By David Browne
Updated December 31, 2000 at 05:00 AM EST
Dogg: Caroline Torem-Craig/LFI

Befitting these roller coaster times, the hip hop world more than ever feels like the stock market. Master P’s once indomitable stock is down, while Dr. Dre’s slumping portfolio is now soaring on a huge point gain, thanks to his protégé Eminem — and Dre’s glaringly cynical reembrace of the hardcore style he’d once so bluntly denounced.
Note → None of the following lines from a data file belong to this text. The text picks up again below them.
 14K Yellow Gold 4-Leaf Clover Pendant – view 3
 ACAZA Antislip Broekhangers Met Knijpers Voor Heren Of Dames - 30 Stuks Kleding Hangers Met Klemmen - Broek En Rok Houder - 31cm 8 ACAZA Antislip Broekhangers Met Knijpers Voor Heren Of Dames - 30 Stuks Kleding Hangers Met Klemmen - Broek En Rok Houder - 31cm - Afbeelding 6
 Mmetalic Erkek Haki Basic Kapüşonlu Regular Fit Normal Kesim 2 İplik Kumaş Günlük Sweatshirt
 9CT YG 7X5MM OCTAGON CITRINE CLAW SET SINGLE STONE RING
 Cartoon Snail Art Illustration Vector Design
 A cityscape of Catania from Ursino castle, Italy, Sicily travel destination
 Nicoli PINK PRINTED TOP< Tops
Eminem isn’t the only one Dre should thank for his commercial revitalization. The producer auteur also received a boost from his renewed collaboration with onetime partner in rhyme Snoop Dogg, who’s recently emerged from a rut of his own to become the hardest working — and most in demand — guest in show business. At 28, Snoop is a patriarch, revered for the icy calm, pot hazy nonchalance of his delivery. He and Dre reunited in 1999 on Snoop’s ”No Limit Top Dogg” and have joined forces again on Snoop’s latest, Tha Last Meal, on which his lilting, instantly recognizable voice — that vaguely sinister singsong — still floats above and around the beats.
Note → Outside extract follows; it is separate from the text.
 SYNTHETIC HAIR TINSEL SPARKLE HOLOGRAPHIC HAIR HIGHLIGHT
Alas, Snoop uses that voice to impart alarmingly few words of wisdom. Its 19 tracks all amount to variations on his one theme: His name is Snoop, he loves weed and raw sex, and he doesn’t trust anybody, male or female. The song titles — ”Leave Me Alone,” ”Go Away” — say as much as the lyrics, while ”Snoop Dogg (What’s My Name Pt. 2)” and ”Hennesey N Buddah” are weak retreads of early hits. On ”Loosen’ Control,” he actually feels vulnerable after a breakup, then snaps out of it and denounces the woman as a bitch.
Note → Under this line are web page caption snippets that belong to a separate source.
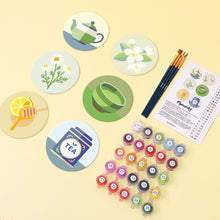 Cargar imagen en el visor de la galería, Pintar por números Posavasos 10cm (6 piezas) - Infusión de hierbas
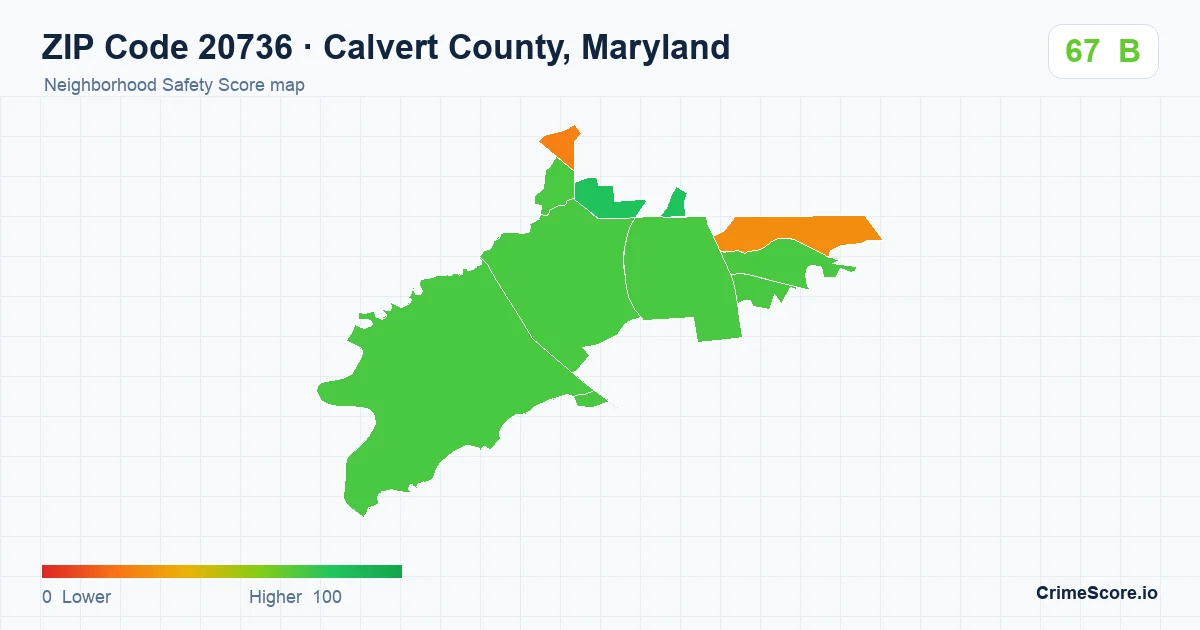 ZIP Code 20736 in Calvert County, Maryland neighborhood Safety Score map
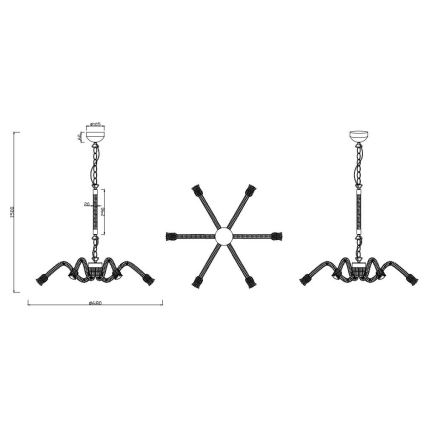 Reality - Suspension sur chaîne ALVA 6xE27/10W/230V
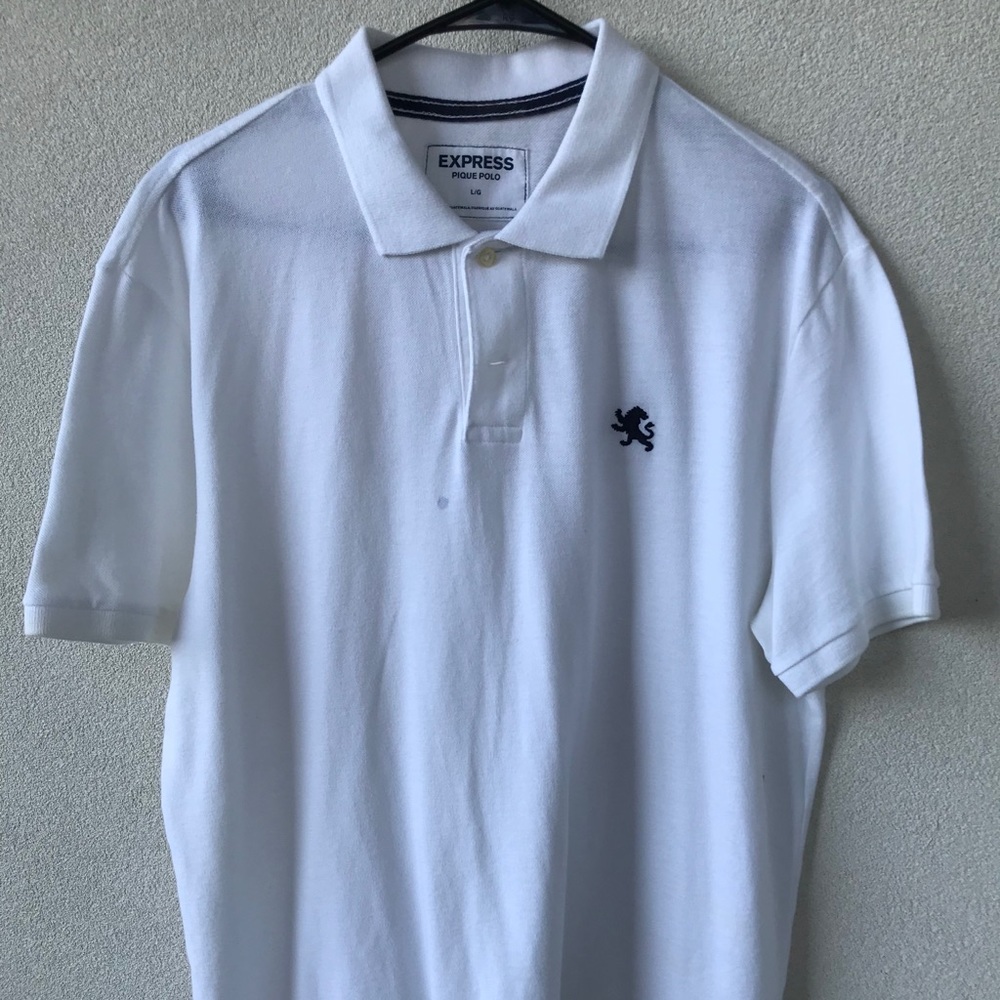 EXPRESS White Pique Polo Shirt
The beats — laid down by producers from Dre and Timbaland to Dre protégé Battle Cat — range from indestructible (”Issues” and ”Ready 2 Ryde,” Snoop’s duet with Eve) to negligible (too many of the rest). Like everything he’s done since 1993’s ”Doggystyle,” ”Tha Last Meal,” starting with its tacky cartoon cover art, feels cut rate — yet another minor album from a major talent.